Low-Cost Rare-Earth-Element (REE) Recovery from Acid Mine Drainage Sludge

Technology Partner: Research Triangle InstituteAward Number: FE0031483
Project Duration: 11/20/2017 – 5/19/2019Total Project Value: $500,000

Key Technology Area: Separation Technologies
Project Partners: Cerahelix and Veolia Water Technologies

This project aims to develop a membrane-based, bench- scale system to extract strategic minerals such as rare earth elements (REEs) and other critical minerals from acid mine drainage (AMD) sludge generated as part of coal mining activities in the United States. The effort will use a staged, membrane-based treatment approach to separate, concentrate, and ultimately recover REEs from AMD. Initial work will take water samples from a potential AMD site(s) and characterize them for REE concentration, dissolved metals concentration, and key water-quality characteristics. Each individual process component will be tested with water samples to optimize performance.
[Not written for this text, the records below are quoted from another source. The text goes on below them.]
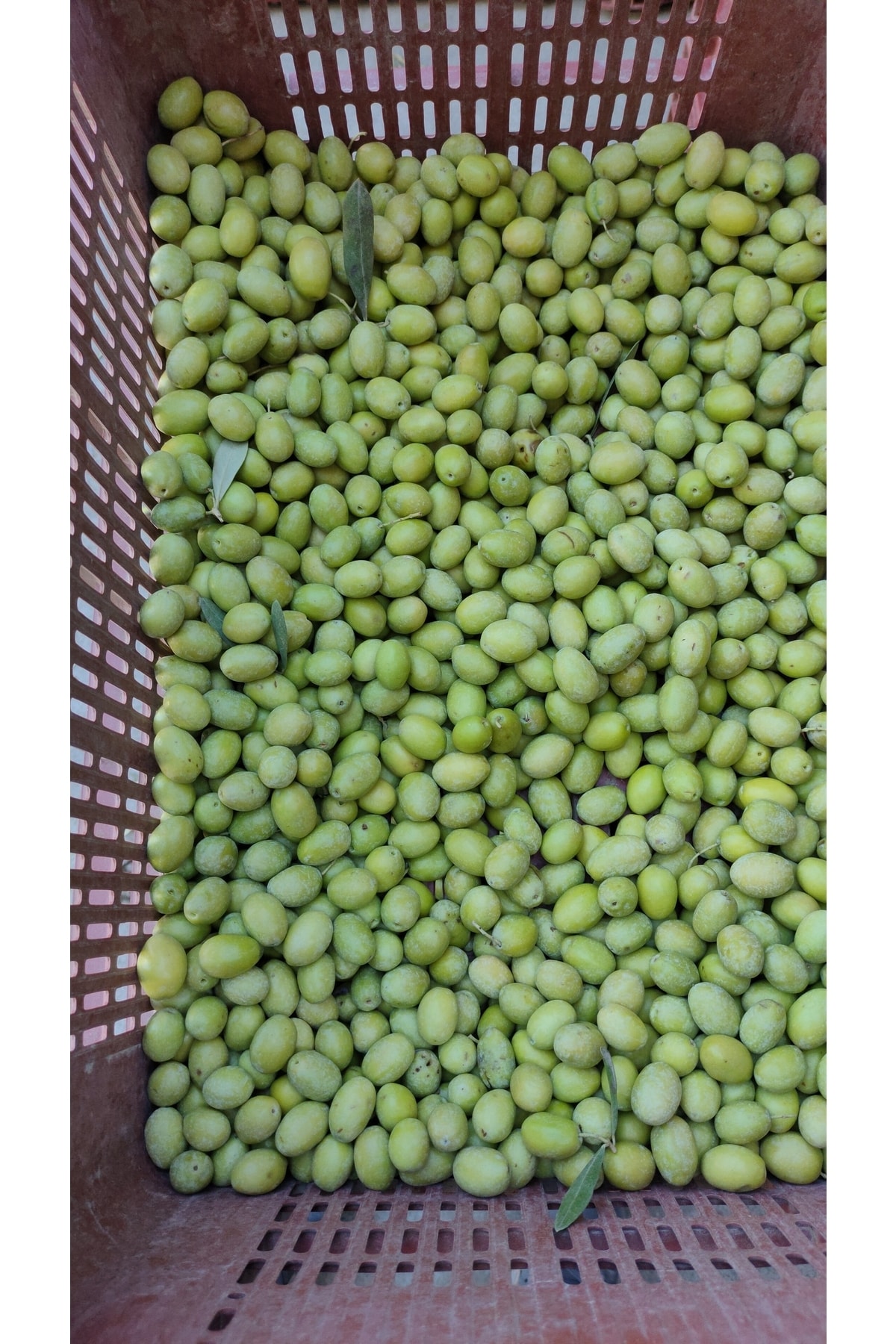 Yeşil Zeytin Net 10 kg
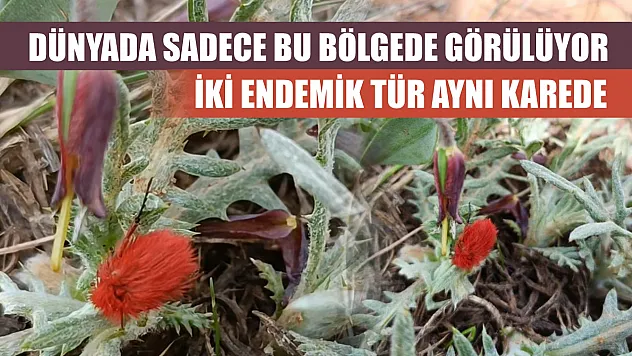 Dünyada sadece bu bölgede görülüyor: İki endemik tür aynı karede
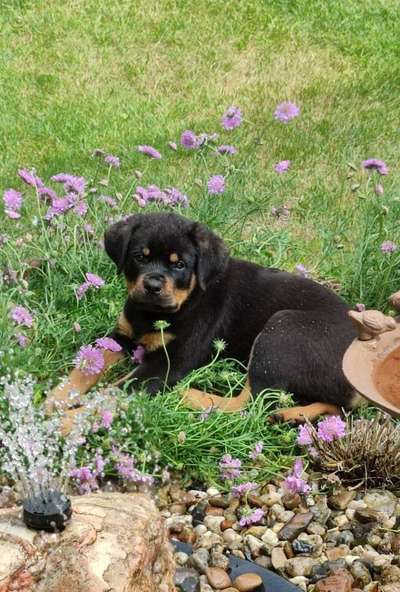 Die Dogorama Monats Challenge "Es grünt und blüht"-Beitrag-Bild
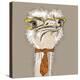 Vector Closeup Portrait of Funny Ostrich Bird Hipster-kavalenkava volha-Stretched Canvas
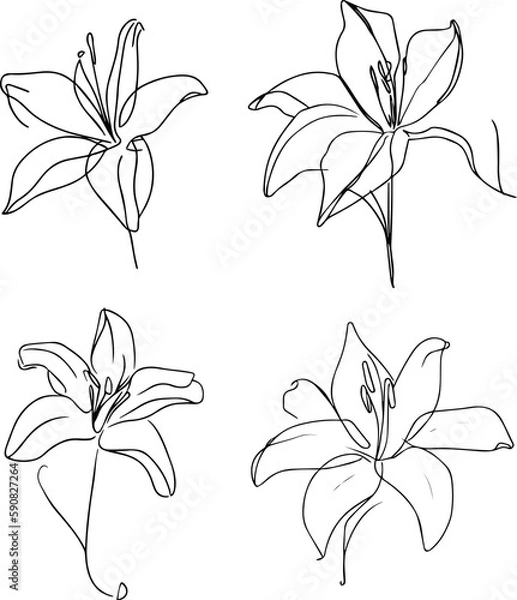 Obraz lily flower one line drawing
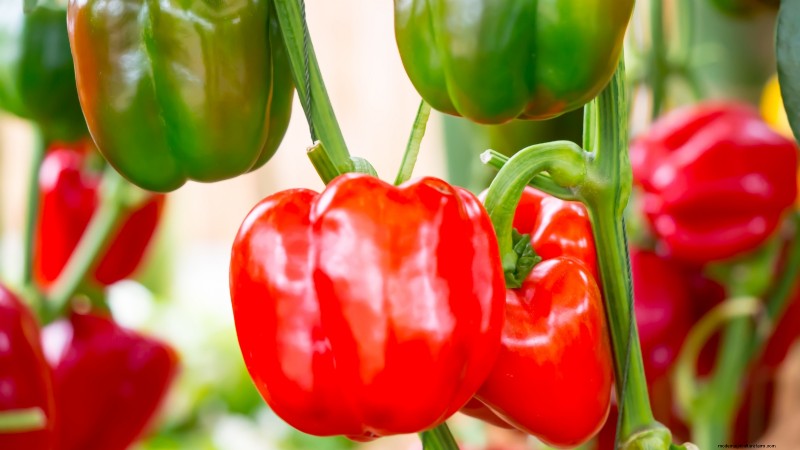 Grow Your Own Food: 11 Crops to Save on Groceries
The work will initially involve proof-of-concept experiments at the bench scale with the aim of varying process parameters such as water chemistry, nanofiltration membrane performance in

monovalent/ multivalent separation, affinity media chemistry, and solvent recovery of REE. From these experiments, separation conditions that can be reasonably transitioned to flow-through systems and larger prototype scales for further techno-economic analysis will be selected so that the economic performance of a continuously fed AMD fluid process for REE recovery can be evaluated. The process has the potential to expand and increase security of our Nation’s sources for strategic elements by exploiting a domestic resource such as AMD sludge and reducing U.S. dependence on foreign countries for these critical elements. The process would enable energy-efficient, cost-effective recovery of REEs to a two weight percent REE pre-concentrate. The steps comprising the process are inherently low-cost approaches.


Cerahelix ceramic tubular membranes for monovalent/multivalent separation.